The room provided an excellent view of the Marketplace below. From above, the land looked like an Elder God had taken a giant corkscrew and twisted it into the earth below. The valley in which the marketplace and the Sentinel sat was a byproduct of dwarven mining. It was an old strip-mine. Most visitors that came here could never tell, for peoples shops and houses lined the spiraling, every widening road upwards. Were there was gaps in the terrain, the Dwarven masons had used the mining debris to make fortified walls so it looked like on big bowl.

Like I said, I didn’t get very far. I should just start on it again and just go for it. With enough prompting I just might. But as of the moment, it’s something that is always there that my fickleness can always come back too.

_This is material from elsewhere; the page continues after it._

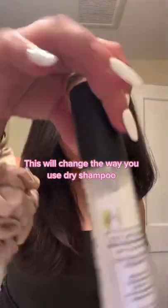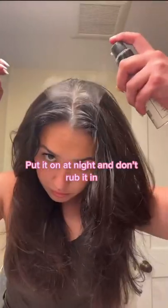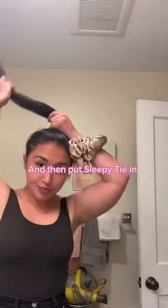This will change the way you use dry shampoo. Put it on at night and don't rub it in. And then put Sleepy Thai in.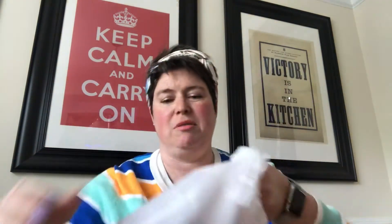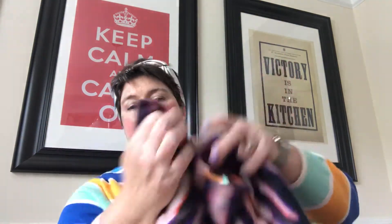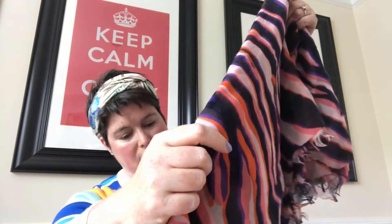It comes in this dust bag. TheRealReal dust bags are this almost semi-porous looking fabric — nice that you get a dust bag. Sometimes it'll come with a Louis Vuitton dust bag, but not this one. You can see the color — it's a zebra print stole, cashmere and silk, just like the leopard ones.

Thursday, December 10, 2009

"You have to know where you are to know where you need to go" - Me

Where I’m at, its finally frozen and winter has finally settled in like an old, cold hearted hag. And that makes me sort of sad. I love the cold, but I hate the snow that comes with it. But until it starts to warm up again, I don’t see myself wearing my Kilt.
I did a blog about my Kilt a few months back, and I have come to love the thing. When the weather finally gets warm enough so that I don’t risk anything falling off to frost burn, I’m going to try wearing it every couple weeks. It’s really mighty comfortable. Even with the weird stares I get while wearing it. Sometimes I like the stares, because deep down I know what they're missing.
There’s a sense of wild freedom and abandonment that one can’t achieve with shorts or pants alone. And the range of flexibility and movement is amazing. All you dress wearers know what I’m talking about! All I doubt should try on a dress or skirt to see what I’m talking about. Don’t deny wanting too.
But anyways, I had a good conversation with a good friend the other day. We talked about a few things, and we touched upon me losing weight, and what was kind of the motivation behind it. Ever since I had the “What the Hell am I doing to myself?” moment that started all this, I’ve been rather kind of contemplative. I told said friend I had to know where I was to know where I had to go. And it’s been a good, productive trip since I realized where I was. Since the beginning of July, I’ve lost 80 pounds. It hasn’t been all fun and games. It hast been easy. Trust me, giving up drinking at least a liter of soda and eating a lot wasn’t easy or fun.
It’s come with a life style change that I’m surprised I made. I’ve always had people nag me that I needed to lose weight, and deep down I know they were right, but I never changed. But in July, something just finally snapped. From somewhere, I got the desire to make it happen, because I was sick of what I had become. I’m walking away with a new respect for that particular emotion. Without desire, who would you be? Where would you be without the ever driving emotion?
But without dedication, desire can get you so far. I’ve witnessed that first hand. I haven’t made the best food choices lately, and I think that’s why my weight has stabilized recently. I didn’t go back to the way I was eating before, but still I could do better. Now to recommit and start the right path again. I’ve got about 120 more pounds I want to lose, and they aren’t going to work themselves off. And to all you nay Sayers that think I’m not going to make, you might be right. But I’m going to try my damndest to get there. So cheer me on or get out of the way!